■ **WORK TO BE COMPLETED**: Pictures aside, repeat the listing below exactly.

■ **INFORMATION SHOWN**:
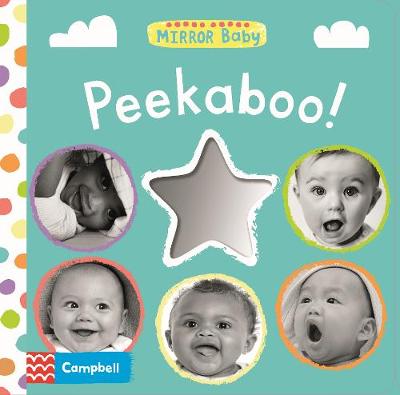 MIRROR BABY: PEEKABOO! BB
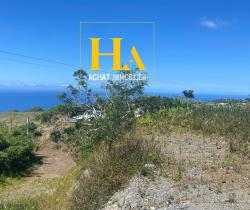 Terrains à bâtir  Saint Joseph 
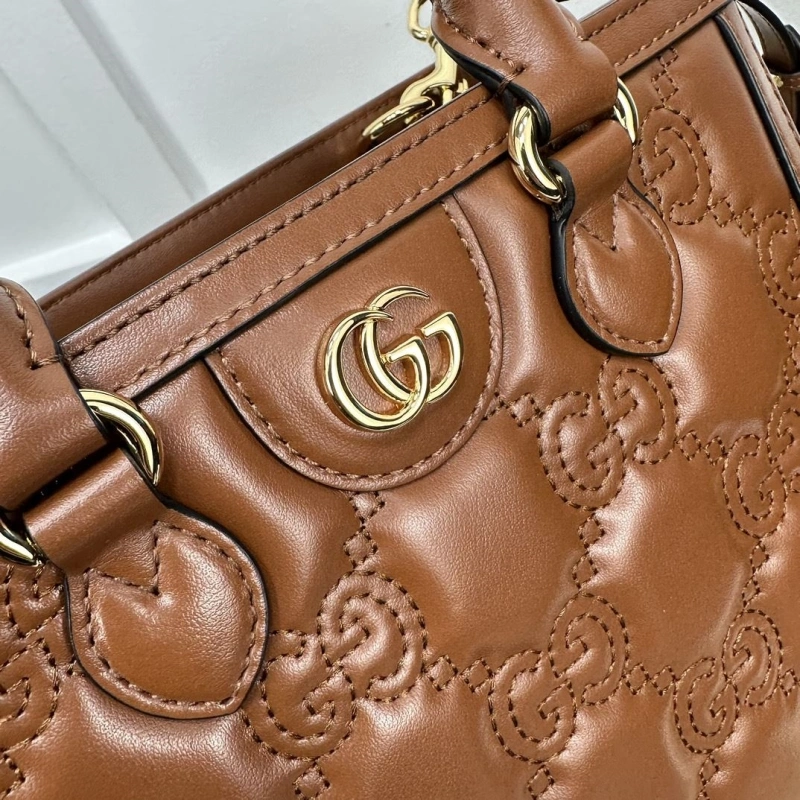 Gucci Top Handle Bags 4036B-0026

■ **WRITTEN SOLUTION**:
 MIRROR BABY: PEEKABOO! BB
 Terrains à bâtir  Saint Joseph 
 Gucci Top Handle Bags 4036B-0026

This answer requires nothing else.